John Key and Bill English will have to decide over the next two days whether South Canterbury Finance really is Too Big To Fail.

The Government has already guaranteed the $1.7 billion invested in South Canterbury Finance by more than 20,000 investors until the end of next year. So many would say it has already decided South Canterbury Finance cannot fail.

But now it must make an urgent call on whether to put South Canterbury into receivership, or to contribute yet more taxpayers' money in the hope it can survive and then thrive past the end of the government guarantee.

The choice is a difficult one. The immediate pain from a receivership would be substantial. It would trigger the $1.7 billion payout to investors under the government guarantee. Some believe that shock to the Government's finances would be enough to trigger a review of New Zealand's sovereign credit rating by Standard and Poor's and/or Moody's.

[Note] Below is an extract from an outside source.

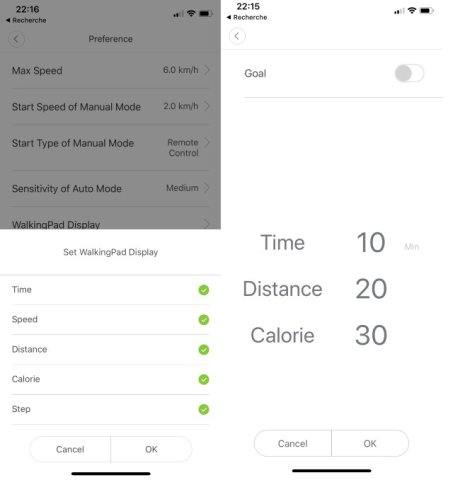 L'application Walkingpad/Mi Home sert aussi au paramétrage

I don't believe it would be enough to justify a rating review, but if it did that would immediately increase wholesale interest rates, which would eventually flow through to the entire economy.

There is also the fallout on the South Island economy. Any receiver would force through sales of farms, property developments and small businesses, many of which are not paying the interest on the loans received from South Canterbury Finance.

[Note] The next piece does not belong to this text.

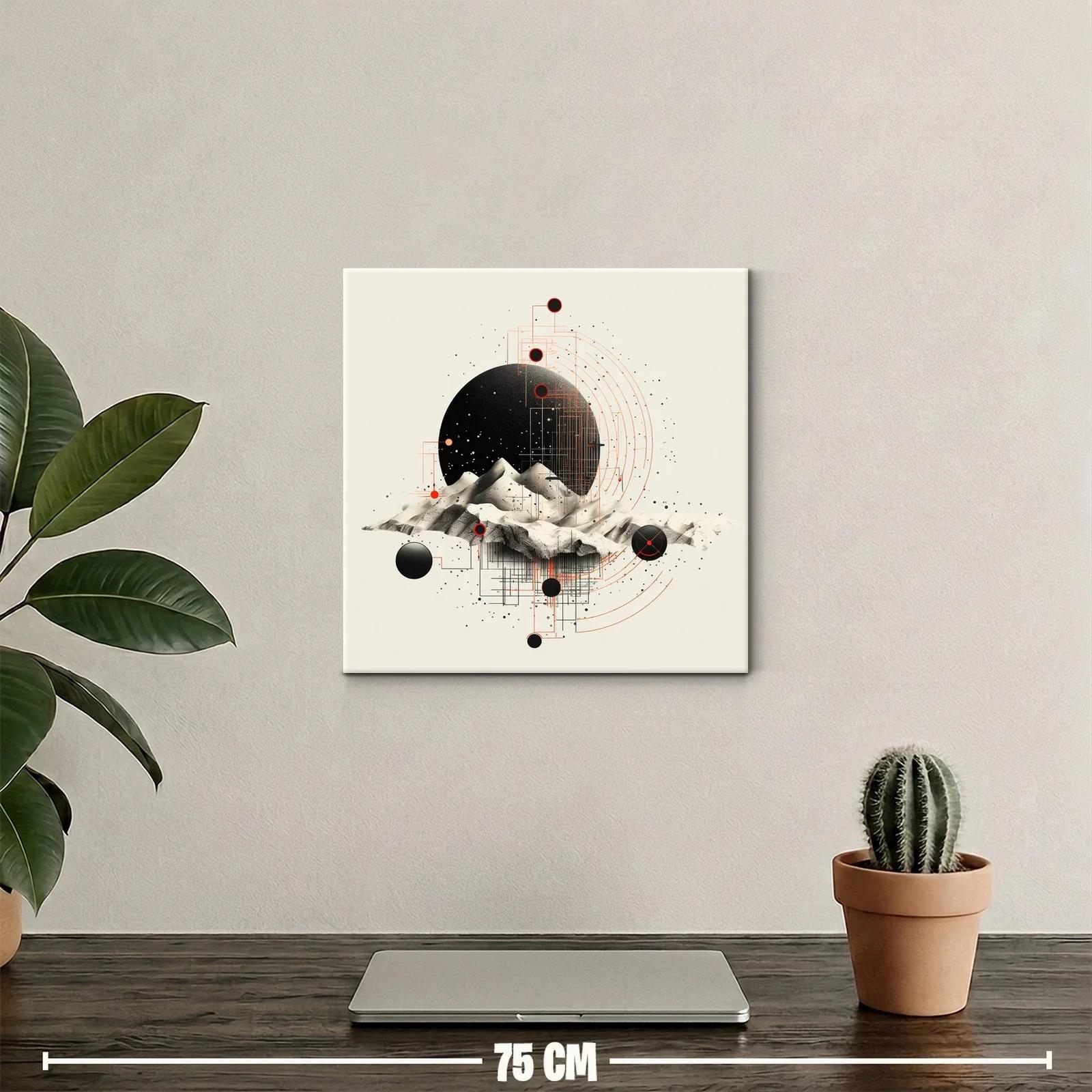 Cuadro abstracto con montañas y formas geométricas futuristas — miniatura 2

Dairy farm prices could potentially take a big hit. There is a view this could send a new chill through the South Island that eventually costs jobs and stunts any economic recovery. That's because the Australian-owned banks are unlikely to step in to take over the loans.

Yet this pain of receivership may be less than the eventual agony of a slow-moving collapse.

South Canterbury Finance does not have a future beyond the end of the deposit guarantee. For it to survive, it would need to substantially increase its credit rating, find a new funder and convince already sceptical investors to go naked in backing the company without a deposit guarantee. At some point, the dairy farming sector, particularly down south, will have to reduce its debt. When that happens, it will be painful.

But as many investors in finance companies such as Strategic, St Laurence, Hanover and Dominion would attest, giving them more time to "work it out" is often worse than pulling the plug immediately. The Government faces a bail-out decision in the same way Hanover Finance investors did eight months ago and 12 months before that. Those investors chose badly. Let's hope the Government does not.